Rosler thinks that artists must do better than the museums, better than the media; saying that “surely [artists] can offer an array of more socially invested, socially productive counterpractices [sic], ones making a virtue of their person-centeredness, originations with persons-rather than from industries or institutions” (473). In Bill Viola’s even simpler terms, the tool of technology cannot be allowed to infringe on “development of self” (325). This investigation and investiture of oneself in communication, context and culture is a far more urgent rallying cry than perception and appreciation for artists working in all mediums, not just sound and technology.
Karen Joan Topping
12/5/07
University of the Arts, Philadelphia, PA
Works Cited
Burroughs, William S. The Adding Machine: Selected Essays. New York: First Arcade. 1993.
Gadamer, Hans-Georg. “Hermeneutical Experience.” Philosophy Looks at the Arts: Contemporary Readings in Aesthetics. 3rd ed. Ed. Joseph Margolis. Philadelphia: Temple UP, 1987. 499-517.

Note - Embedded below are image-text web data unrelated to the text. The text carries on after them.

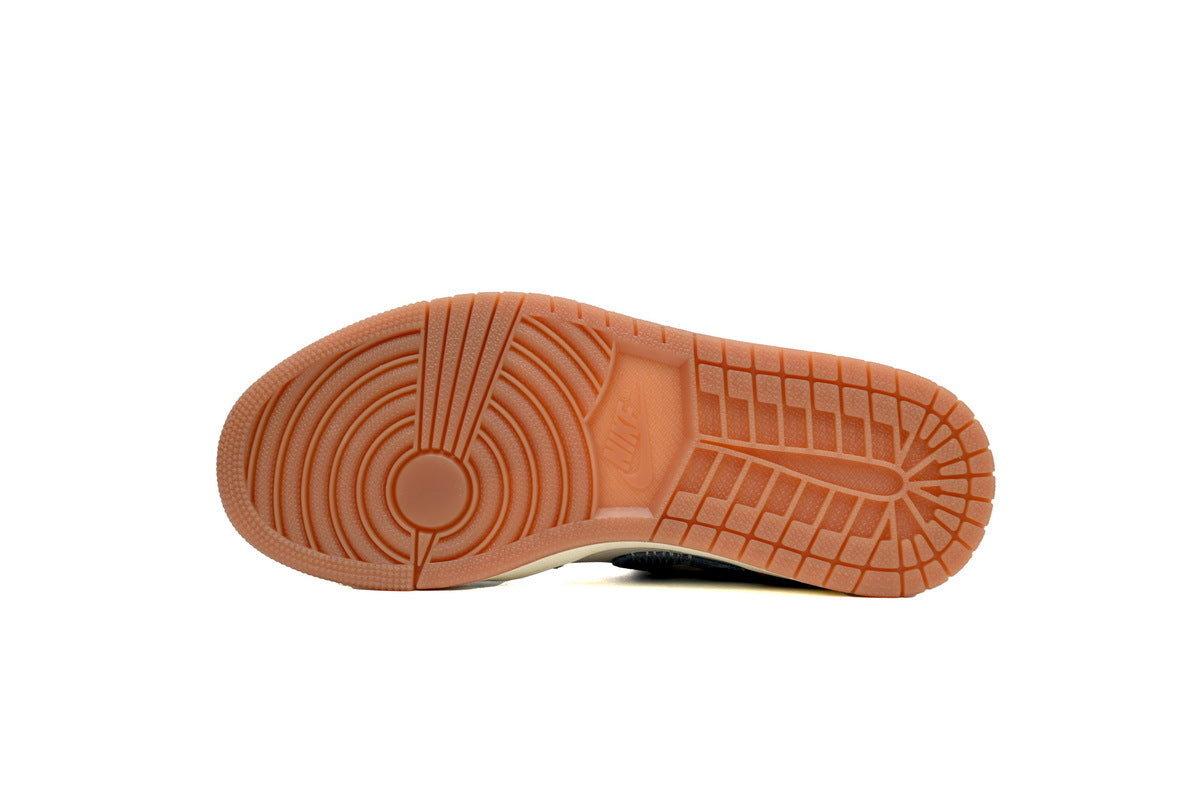 Air Jordan 1 Low SE GS 'Sashiko' sneaker product image 2 | Foot Spikes
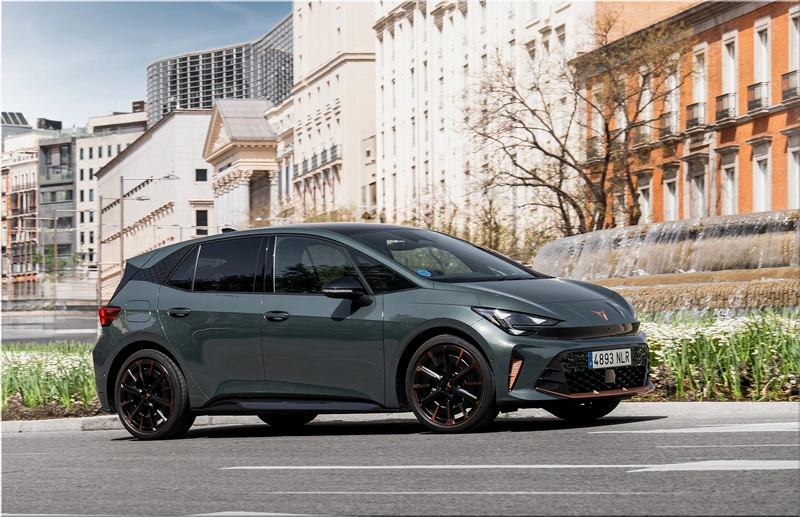 CUPRA Born VZ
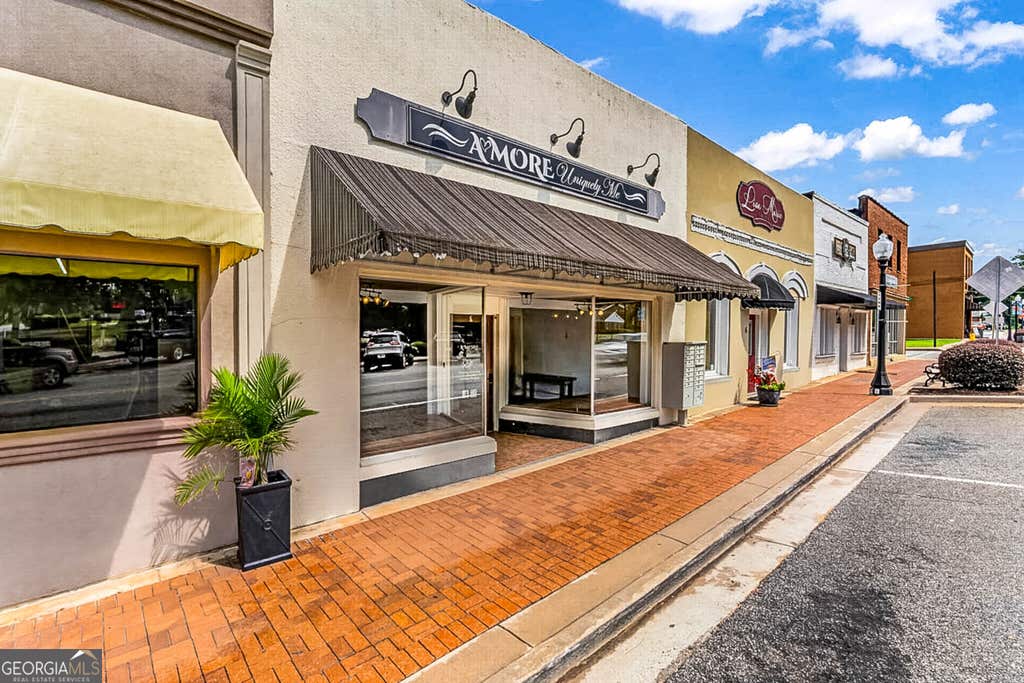 Photo of 8 E Main Street N, Hampton, GA 30228 (MLS # 10827645)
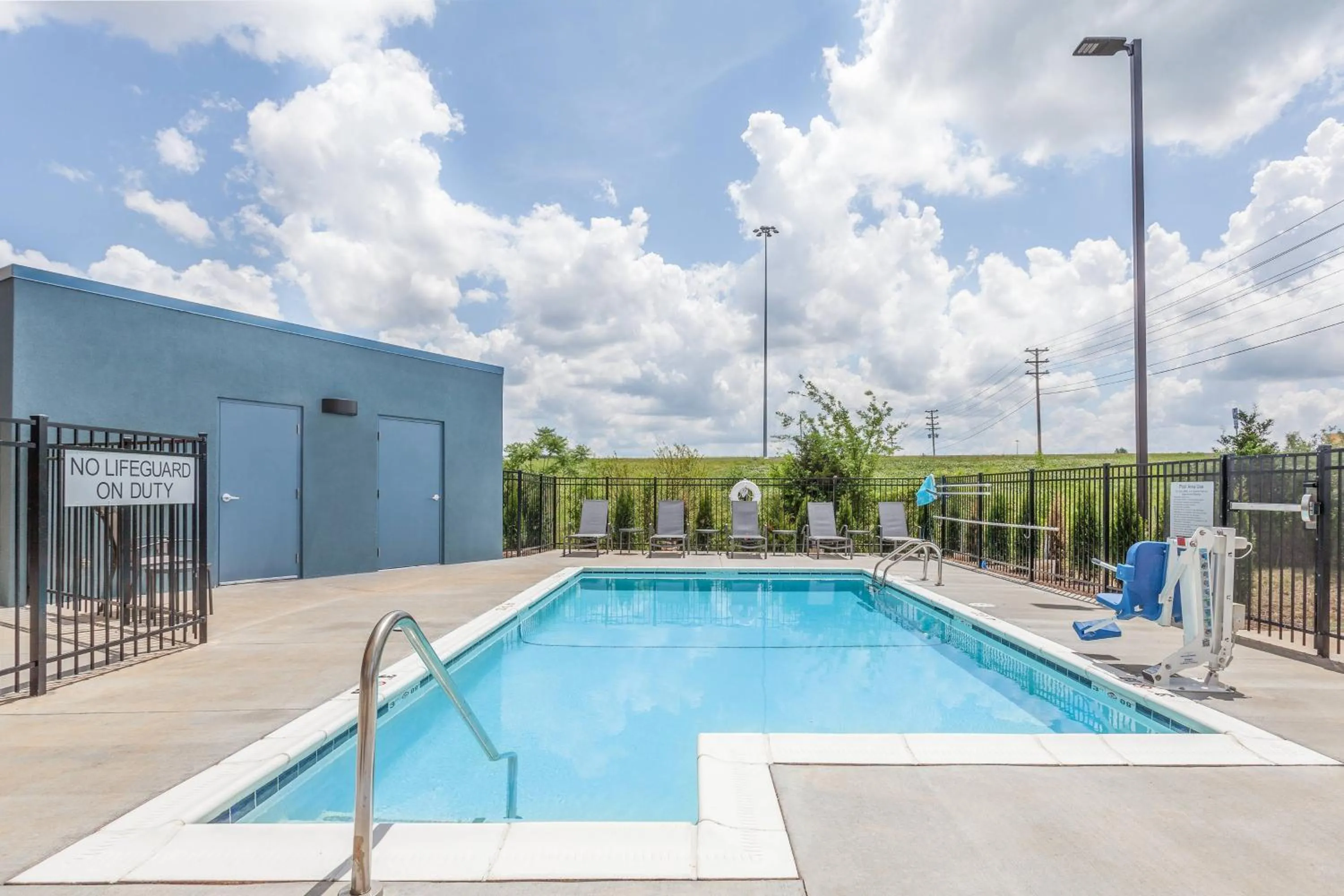 Swimming pool in Fairfield Inn & Suites by Marriott Lebanon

Kabakov, Emilia. “Ilya and Emilia Kabakov: Conversations with Artists 2007-2008, Artistic Partnerships.” The Phillips Collection, Washington. 14, Nov 2007.
Kahn, Douglas. Noise, Water, Meat: A History Of Sound In The Arts. Cambridge: MIT Press, 1999.
Rosler, Martha. “Video: Shedding the Utopian Moment”. Theories and Documents of Contemporary Art. Stiles, Kristine and Peter Selz, eds. Berkley: University of California Press. 1996. 461-473.
Topping, Karen Joan. Build It Up; Knock It Down. Collection of the Artist. Washington, DC.
Viola, Bill. “Will There Be Condominiums In Data Space?” Multimedia: From Wagner to Virtual Reality. Packer, Randall and Ken Jordan, eds. New York: Norton. 2001. 316-326.